Problem requirements >>
Please repeat the data below exactly, with the pictures removed.

Start of Data provided

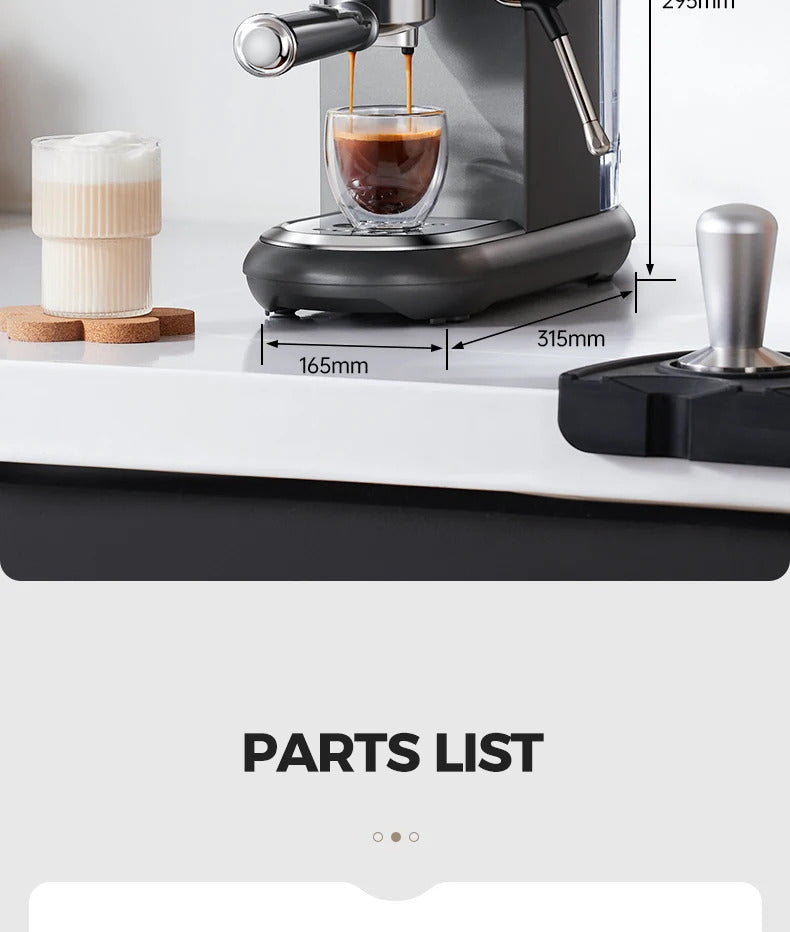 2025Cafelffe Coffee Maker 19Bar Inox Semi Automatic Super Slim ESE POD&Powder Espresso Cappuccino Machine Stainless Steel Cold/Hot2025
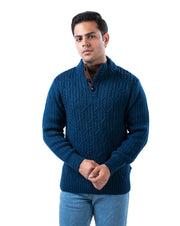 Men’s Dark Blue Self-Design Acrowool Sweater with Half Button Placket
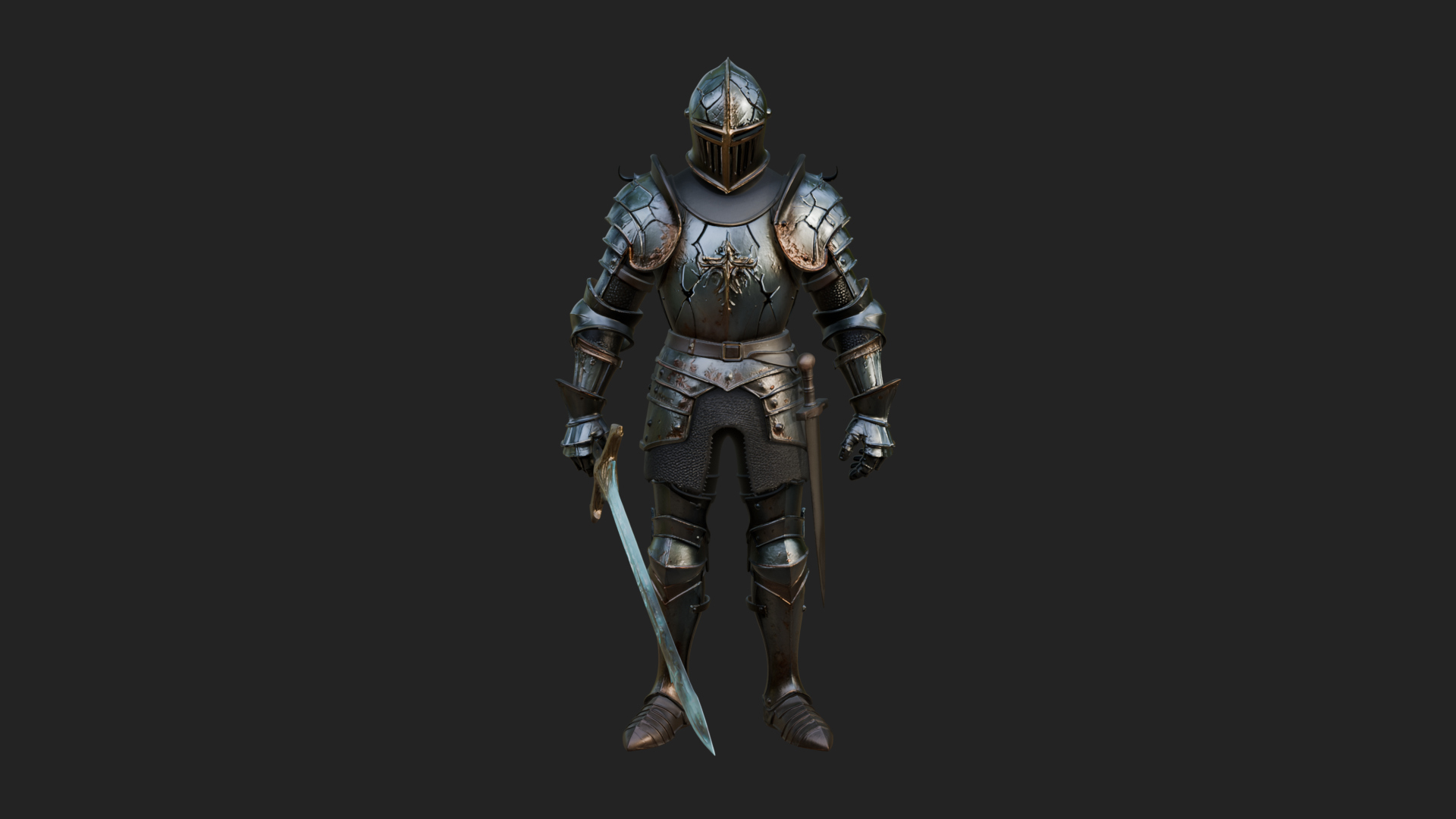 Armored Knight Statue Design 38 3D Print Model 3D Model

End of Data provided

Solution to this problem >>
 2025Cafelffe Coffee Maker 19Bar Inox Semi Automatic Super Slim ESE POD&Powder Espresso Cappuccino Machine Stainless Steel Cold/Hot2025
 Men’s Dark Blue Self-Design Acrowool Sweater with Half Button Placket
 Armored Knight Statue Design 38 3D Print Model 3D Model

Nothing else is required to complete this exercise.